▶ _Task objective_:
Within the entries below, please return exactly the lines from the one with "Elegant Little White" through the one with "Sungmor Cast Iron", leaving out any pictures.

▶ _Data to use_:
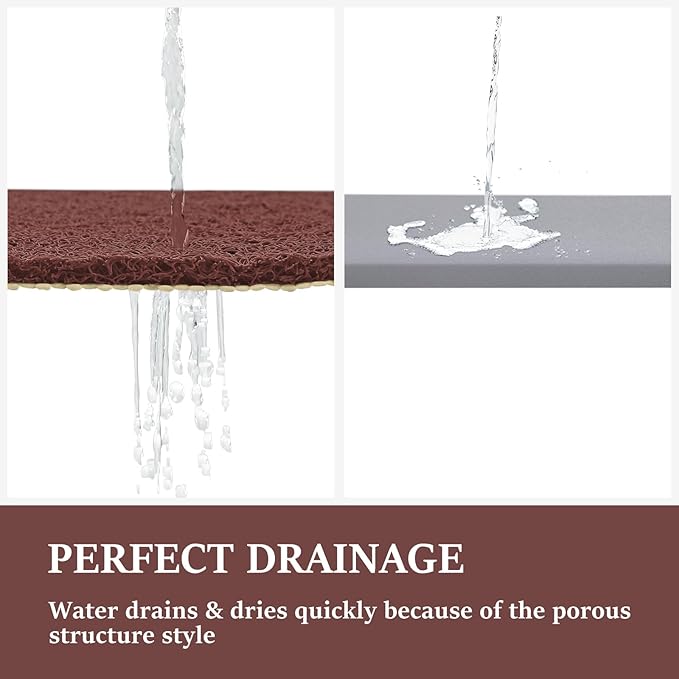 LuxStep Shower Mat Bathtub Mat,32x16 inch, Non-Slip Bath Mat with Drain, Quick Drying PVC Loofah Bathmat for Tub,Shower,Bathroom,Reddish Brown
--
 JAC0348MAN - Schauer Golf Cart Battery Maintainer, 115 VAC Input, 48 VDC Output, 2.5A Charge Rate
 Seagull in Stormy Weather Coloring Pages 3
...
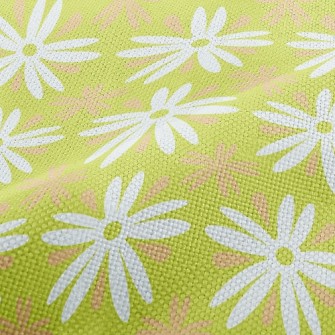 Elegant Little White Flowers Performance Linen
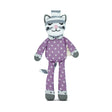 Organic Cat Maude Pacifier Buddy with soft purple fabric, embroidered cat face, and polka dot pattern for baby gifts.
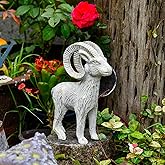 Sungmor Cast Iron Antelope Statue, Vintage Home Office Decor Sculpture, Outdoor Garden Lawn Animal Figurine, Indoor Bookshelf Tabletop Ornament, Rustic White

▶ _Task response_:
 Elegant Little White Flowers Performance Linen
 Organic Cat Maude Pacifier Buddy with soft purple fabric, embroidered cat face, and polka dot pattern for baby gifts.
 Sungmor Cast Iron Antelope Statue, Vintage Home Office Decor Sculpture, Outdoor Garden Lawn Animal Figurine, Indoor Bookshelf Tabletop Ornament, Rustic White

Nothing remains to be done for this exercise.